I’ll admit that I can easily become numb to this kind of persecution. It’s not that my heart is hardened and I’m immune to stories of persecuted believers. No, I still cry and ache and intercede for my brothers and sisters around the world each time I hear of them being ripped from their families, raped, robbed, burned, beaten or slaughtered.
The problem is that I’m part of the mass of American believers who have become so comfortable, fat and complacent with our First Amendment right to openly profess Jesus that we’ve lost touch with our own calling to be persecuted.
Jesus said, “Blessed are you when they revile and persecute you, and say all kinds of evil against you falsely for My sake” (Matt. 5:11). Notice He said when they persecute you, not if. Jesus continues this notion with a more direct promise in John 15:20: “If they persecuted Me, they will also persecute you.” And in 2 Timothy 3:12, the promise is spelled out again: “All who desire to live godly in Christ Jesus will suffer persecution.”
If you follow Christ, you will be persecuted. Period.
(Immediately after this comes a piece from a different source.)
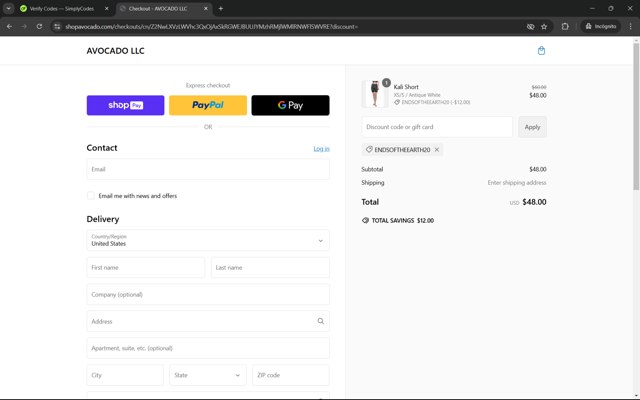 Avocado checkout page showing Avocado discount code box | Screenshot taken by SimplyCodes community member on Nov 24, 2024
So what happens if we’re not being persecuted now? Does that mean we’re not really following Christ?
That’s the question I’ve wrestled with in recent years as I’ve heard hundreds of stories of how the Holy Spirit is moving powerfully in places where the church is persecuted. At the same time, I’ve heard countless Christians lament the spiritual decline of America. Some declare we’ve been judged, some say we’re being judged, and yet others believe we can still turn things around if we follow the 2 Chronicles 7:14 blueprint. But what if all three are not only simultaneously true, they’re also inherently connected to Jesus’ promise to us of persecution?
History proves that the church thrives amid persecution. Despite each of the disciples’ gruesome executions (minus John, who was still persecuted), the church spread like wildfire. Fast-forward to the Martyr Period (a.d. 100–a.d. 314), when tens of thousands of believers—men, women and children—were fed to animals, torn apart, tortured, crucified and burned at the stake, and still the church flourished.
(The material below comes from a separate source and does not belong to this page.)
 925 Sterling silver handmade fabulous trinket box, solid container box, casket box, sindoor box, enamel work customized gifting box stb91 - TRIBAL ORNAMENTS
Even here in America, we can’t forget that persecution was the bedrock of our nation’s very existence. The pilgrims fled Europe to escape persecution and gain the freedom to worship Jesus as they desired.
Please understand, I’m not asking anyone to go agitate an unbeliever to the point that he or she starts “persecuting” you—just so you can prove that you’re truly following Christ. That’s silly.
But I am challenging us to once again lay hold of the promise Jesus gave us and relish its meaning—particularly in the context of our current freedom. Because after decades of living in relative luxury, believers are beginning to face more animosity from a increasingly godless culture. America’s intolerance for Christians is growing. Yet history—and even God’s current move around the world—proves that’s a good thing.